The Stargates will return to Sci Fi Fridays next month, but till then, if you 1) acknowledge that David Hewlett’s snarky and arrogant Dr. Rodney McKay is the best thing about Stargate Atlantis, and 2) need a geeky Hewlett fix, then you’ve gotta check out the 2003 Canadian film Nothing, from Vincenzo Natali, the guy who made the seriously freaky Cube. I’m tempted to say as close to nothing about Nothing as possible, because it’s freaky in a way similar to Cube (though not at all gory), which is to say that it is more disturbing, and in the case of Nothing, more funny, the less you know in advance. Maybe it’s enough to say that Dave (Hewlett) and Andrew (Andrew Miller) are two dorks who live together in a ramshackle Toronto house that’s like something Terry Gilliam might dream about, but, being dorkishly antisocial, they don’t have a lot of use for the rest of the world. And they wake up one morning after a particularly uncomfortable run-in with the rest of the world to find that it’s gone. The world, that is. Or maybe they’ve been transported somewhere else where the world isn’t.

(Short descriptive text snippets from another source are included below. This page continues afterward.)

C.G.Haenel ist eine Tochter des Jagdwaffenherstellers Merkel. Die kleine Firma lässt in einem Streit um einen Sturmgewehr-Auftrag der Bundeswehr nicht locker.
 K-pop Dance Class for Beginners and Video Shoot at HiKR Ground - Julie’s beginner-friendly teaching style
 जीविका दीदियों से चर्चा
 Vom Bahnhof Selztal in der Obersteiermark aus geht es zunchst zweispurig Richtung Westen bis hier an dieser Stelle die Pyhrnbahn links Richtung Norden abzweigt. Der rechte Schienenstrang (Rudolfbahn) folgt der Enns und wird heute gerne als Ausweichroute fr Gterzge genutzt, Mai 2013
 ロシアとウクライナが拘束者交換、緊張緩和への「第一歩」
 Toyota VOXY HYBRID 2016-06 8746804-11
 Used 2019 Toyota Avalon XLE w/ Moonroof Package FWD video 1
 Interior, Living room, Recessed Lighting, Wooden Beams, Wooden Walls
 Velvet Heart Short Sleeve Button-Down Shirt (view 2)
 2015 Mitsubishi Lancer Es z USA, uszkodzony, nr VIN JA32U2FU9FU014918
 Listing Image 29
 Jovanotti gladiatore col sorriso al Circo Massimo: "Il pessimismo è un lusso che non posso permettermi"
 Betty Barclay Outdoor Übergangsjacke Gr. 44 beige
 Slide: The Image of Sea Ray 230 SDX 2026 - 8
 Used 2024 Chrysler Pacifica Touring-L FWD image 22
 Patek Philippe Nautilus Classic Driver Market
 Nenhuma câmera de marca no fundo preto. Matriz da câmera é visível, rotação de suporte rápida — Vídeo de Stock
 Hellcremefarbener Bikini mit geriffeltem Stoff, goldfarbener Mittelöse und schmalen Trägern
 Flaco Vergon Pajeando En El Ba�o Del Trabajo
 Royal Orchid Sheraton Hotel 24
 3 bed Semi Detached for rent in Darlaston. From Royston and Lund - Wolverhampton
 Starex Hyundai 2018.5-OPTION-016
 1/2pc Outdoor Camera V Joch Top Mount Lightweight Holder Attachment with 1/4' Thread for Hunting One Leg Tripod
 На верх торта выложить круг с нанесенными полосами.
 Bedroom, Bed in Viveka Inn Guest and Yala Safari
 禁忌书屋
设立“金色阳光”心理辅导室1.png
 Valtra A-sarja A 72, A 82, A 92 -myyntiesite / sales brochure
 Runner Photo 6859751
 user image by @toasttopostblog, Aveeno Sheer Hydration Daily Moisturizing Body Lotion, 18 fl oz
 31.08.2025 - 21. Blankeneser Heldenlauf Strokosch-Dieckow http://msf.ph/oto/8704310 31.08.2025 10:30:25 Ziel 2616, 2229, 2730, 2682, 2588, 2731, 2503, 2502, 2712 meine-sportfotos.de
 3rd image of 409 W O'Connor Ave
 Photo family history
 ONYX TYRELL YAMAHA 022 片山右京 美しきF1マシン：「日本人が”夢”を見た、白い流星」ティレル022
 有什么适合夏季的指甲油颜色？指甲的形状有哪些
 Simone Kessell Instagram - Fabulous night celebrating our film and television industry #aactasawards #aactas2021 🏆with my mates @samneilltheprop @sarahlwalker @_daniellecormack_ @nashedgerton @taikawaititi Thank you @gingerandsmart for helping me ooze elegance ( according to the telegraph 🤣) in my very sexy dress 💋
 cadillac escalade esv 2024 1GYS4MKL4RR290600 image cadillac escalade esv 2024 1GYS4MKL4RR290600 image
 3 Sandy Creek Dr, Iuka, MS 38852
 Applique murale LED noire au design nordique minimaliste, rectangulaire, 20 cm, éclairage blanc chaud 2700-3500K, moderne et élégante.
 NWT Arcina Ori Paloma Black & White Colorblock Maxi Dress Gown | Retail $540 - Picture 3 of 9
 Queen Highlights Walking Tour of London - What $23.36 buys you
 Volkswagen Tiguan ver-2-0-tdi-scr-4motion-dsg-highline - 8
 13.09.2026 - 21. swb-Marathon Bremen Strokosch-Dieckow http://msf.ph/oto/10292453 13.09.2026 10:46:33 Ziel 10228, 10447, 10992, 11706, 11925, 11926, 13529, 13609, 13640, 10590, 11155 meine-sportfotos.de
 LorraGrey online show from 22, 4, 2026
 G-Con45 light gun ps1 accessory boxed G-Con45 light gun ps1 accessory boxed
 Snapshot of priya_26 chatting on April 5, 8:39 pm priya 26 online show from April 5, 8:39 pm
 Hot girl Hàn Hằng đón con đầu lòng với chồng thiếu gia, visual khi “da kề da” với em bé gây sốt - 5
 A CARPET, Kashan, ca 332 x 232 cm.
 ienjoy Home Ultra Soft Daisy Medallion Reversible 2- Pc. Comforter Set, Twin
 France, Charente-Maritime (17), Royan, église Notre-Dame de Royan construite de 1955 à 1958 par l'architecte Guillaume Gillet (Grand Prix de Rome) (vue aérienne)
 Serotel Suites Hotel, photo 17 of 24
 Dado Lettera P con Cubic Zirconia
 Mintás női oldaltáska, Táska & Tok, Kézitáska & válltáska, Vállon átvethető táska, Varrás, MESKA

I’ve probably already said too much. It’s all deliciously Twilight Zoney, which would be enough for many a geek, but the bonus of Hewlett’s performance — as a too-smart, too-weird guy who gets what he wishes for and then is sorry he got it… maybe — is what makes Nothing a must-see. His fidgety energy animates Dave’s misanthrophy so that you identify with it at the same time you want to give him a smack — Hewlett creates a screen presence that you just can’t help but love even when he’s being an annoying little shit.
And that’s the case with his character, Bryan, in the 2004 Canadian film Ice Men — it’s one of those “let’s get the guys together for the weekend in a remote cabin so we can learn all sorts of stuff about one another we wish we never learned” dramas, and Hewlett is the best thing in it. Whether he’s digging through the collection of old vinyl record albums in the cabin and discovering some groovy bachelor music or in the middle of a sex scene that’s actually funny, Hewlett is dedicated to the character, with all his flaws and frustrations, in a way that, unfortunately, mostly shows up the rest of the cast. For Hewlett fans, though, it’s catnip.